Pas dupe de la ruse d’un régime qui ne veut rien lâcher, la rue veut avoir le dernier mot et dégager définitivement le pouvoir en place. Ce 15 mars, le contre-pouvoir en gestation depuis quatre semaines peut changer la donne.
Ce 4e vendredi de manifestations sera décisif. Un test crucial après l’annonce du renoncement du président Bouteflika à un 5e mandat. Malgré une feuille de route pour des réformes institutionnelles, la lettre du 11 mars dans laquelle, de fait, Abdelaziz Bouteflika prolonge son mandat actuel et reporte sine die l’élection présidentielle du 18 avril n’a pas calmé les Algériennes et les Algériens. Au contraire. Les manifestations de ce 15 mars seront celles de la colère. Et de la détermination.
Pas dupe de la ruse d’un pouvoir qui ne veut pas lâcher, la rue entend avoir le dernier mot. Ce jour sera celui du « Rendez-vous des manifestants pour le départ de Bouteflika », titre à la une le quotidien El Watan. « Je marche, tu marches, nous marchons, vous marchez, ils partent », affiche l’un des nombreux slogans relayés sur les réseaux sociaux.
Face aux risques de dérapage et aux incertitudes sur l’attitude de l’armée, les appels au calme et à la vigilance se multiplient. « La volonté de garder le contrôle des manifestations, cette capacité d’auto-organisation et son caractère pacifique font la spécificité de ce mouvement », rappelle la sociologue algérienne Amel Boubekeur.
Aujourd’hui, outre la nouvelle démonstration de force que veulent infliger les manifestants au pouvoir, la préoccupation qui monte est de savoir comment organiser la contestation et quel débouché lui donner. L’opposition traditionnelle reste en marge, même si, adepte des combines d’appareil, elle attend son heure.

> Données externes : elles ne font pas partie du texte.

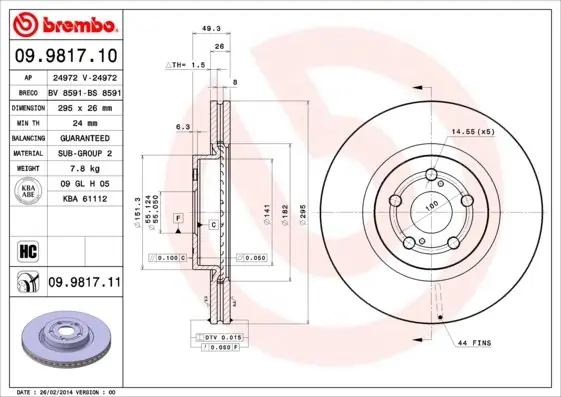 Bezpieczne zakupy Tarcza hamulcowa BREMBO 09.9817.11 4351205050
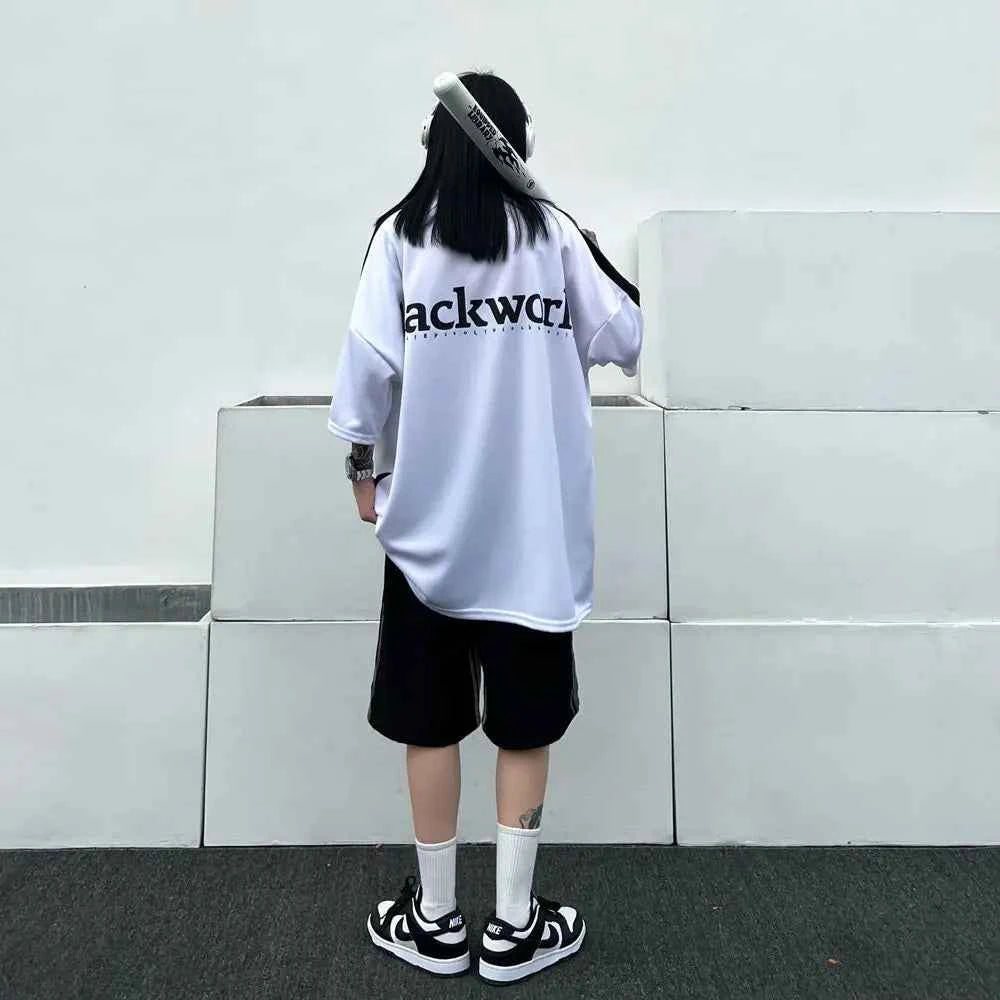 Retro American Style Baseball Print Long T-Shirt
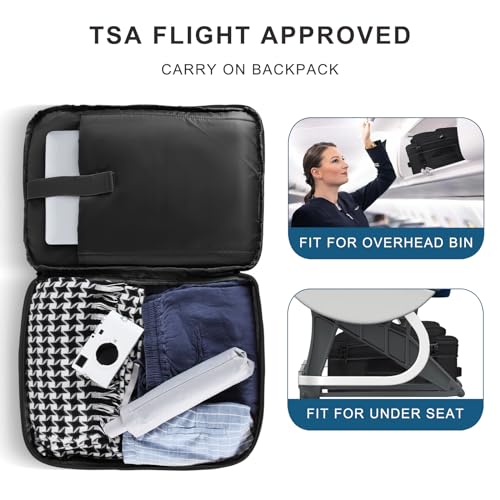Image of Travel Backpack for Women, 52L Carry On Backpack, Extra Large Expandable Travel Bag, 18.4 Inch TSA Flight Approved Luggage Business Daypack with USB, Teacher Traveling Rucksack, Black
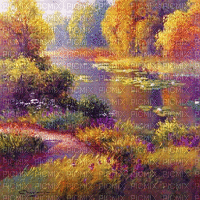 fall scenery  background - GIF animé gratuit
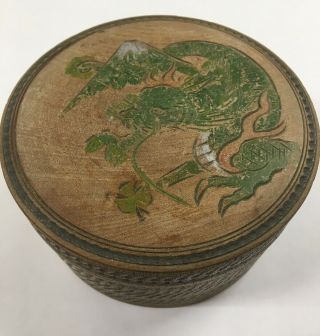Vtg Round Wood Japanese Box Dragon At Mt Fuji Pyrography Painted Hand Crafted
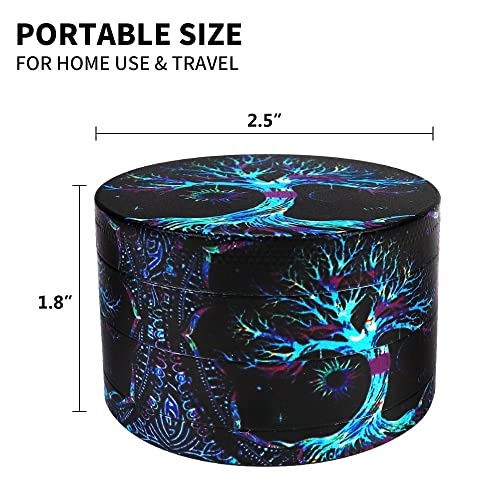 Large Grinder, 2.5 inch Tree of Life Sun Moon Galaxy Grinder- Herb Grinder, (Blue Tree)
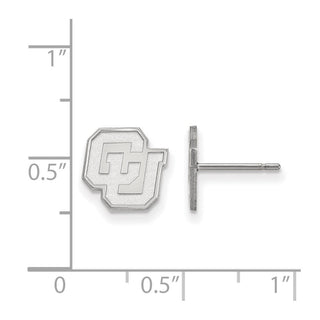 Sterling Silver Rhodium-plated LogoArt University of Colorado C-U Extra Small Post Earrings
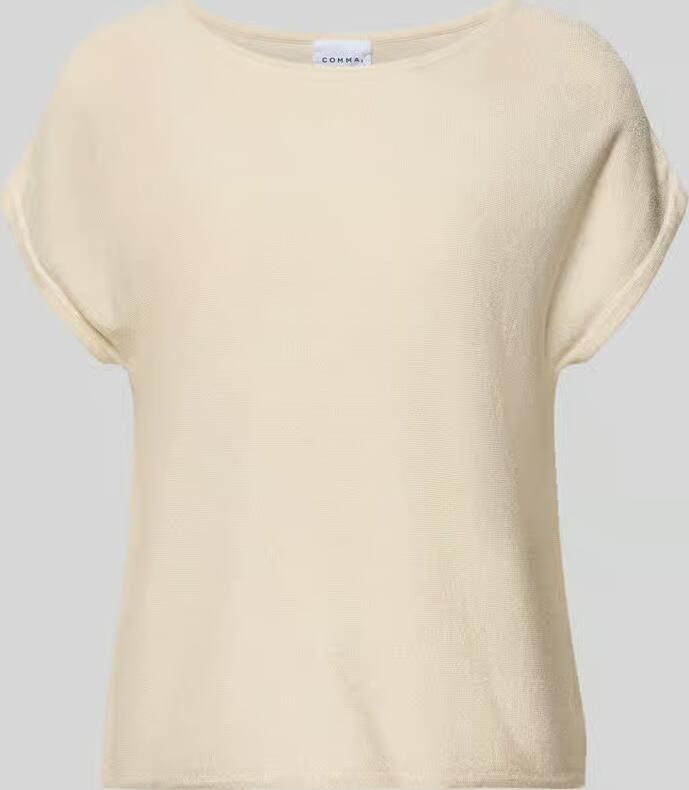 Comma Gebreid shirt van viscosemix met ronde hals - Foto 2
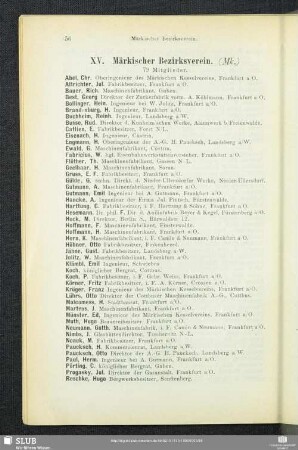 XV. Märkischer Bezirksverein.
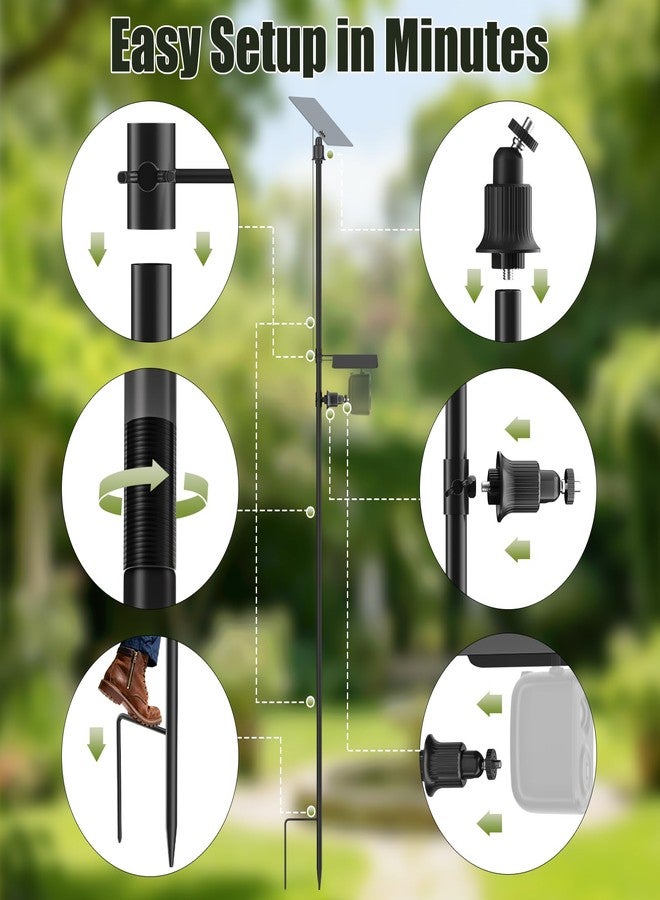 RichBird Ground Stake Mount Stand for Outdoor Cameras and Solar Panels, Adjustable Height and Angle Security Camera Pole, Universal 1/4"-20 UNC Thread, Compatible with Ring, Arlo, Wyze and More - Image 4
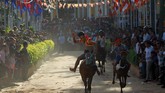 Kemeriahan Festival Pchum Ben di perkampungan Vihear Sour, di provinsi Kandal, Kamboja, pada Sabtu (1/10) ditandai dengan lomba pacuan kuda dan banteng. (REUTERS/Samrang Pring)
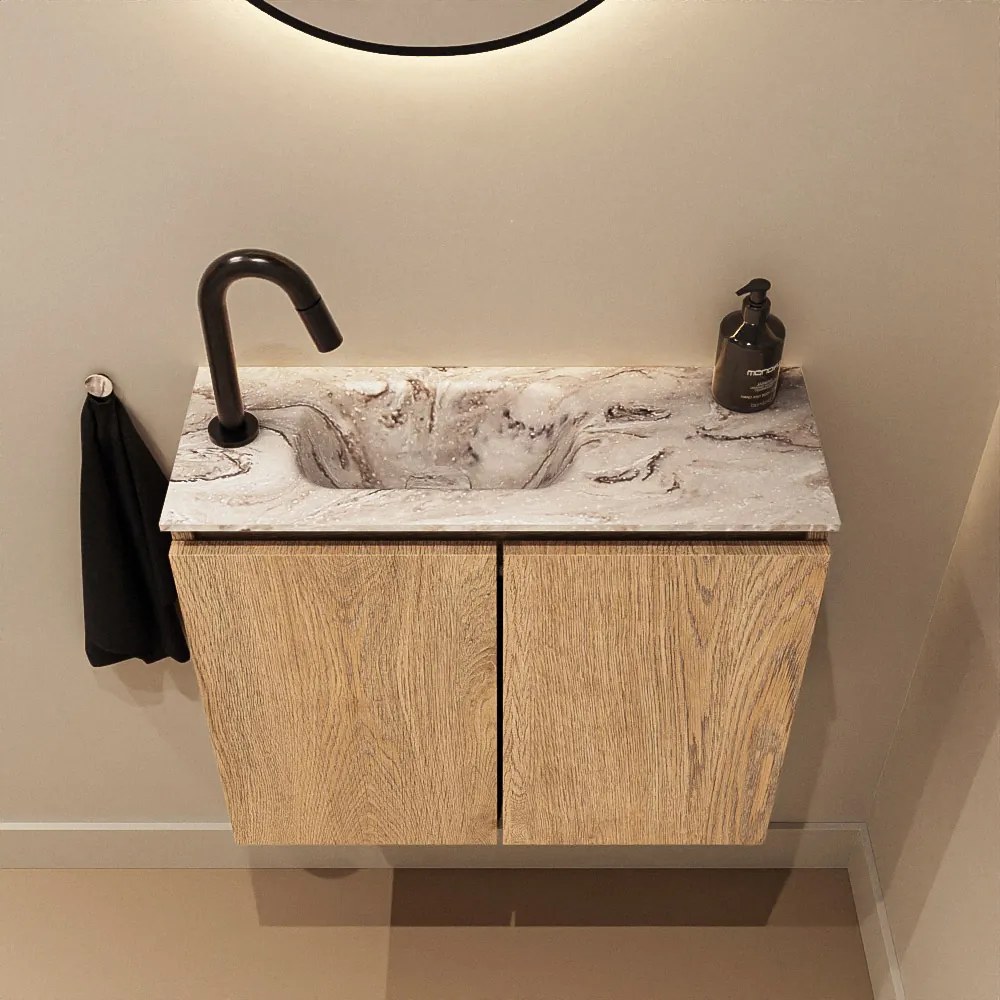 Mondiaz Ture DLux toiletmeubel 60cm washed oak met wastafel glace links met kraangat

Le peuple algérien écrit une nouvelle page de son histoire
La peur d’une récupération politique rend les contestataires très méfiants. Mais ils savent qu’ils doivent se structurer. « Le sujet est en débat. C’est par là que passe le chemin de la démocratie », confirme la comédienne Adila Bendimerad, figure de proue du mouvement parmi les artistes. Ils occupent l’espace public, tiennent des agoras permanentes, formulent des propositions, chantent et lisent même des poèmes. Ils veulent aussi qu’émergent des porte-parole « au-dessus de tout soupçon » et surtout sans précipitation. « On n’accouche pas d’une IIe République comme on sort un lapin du chapeau », clame le blogueur très populaire Sidali Kouidri Filali.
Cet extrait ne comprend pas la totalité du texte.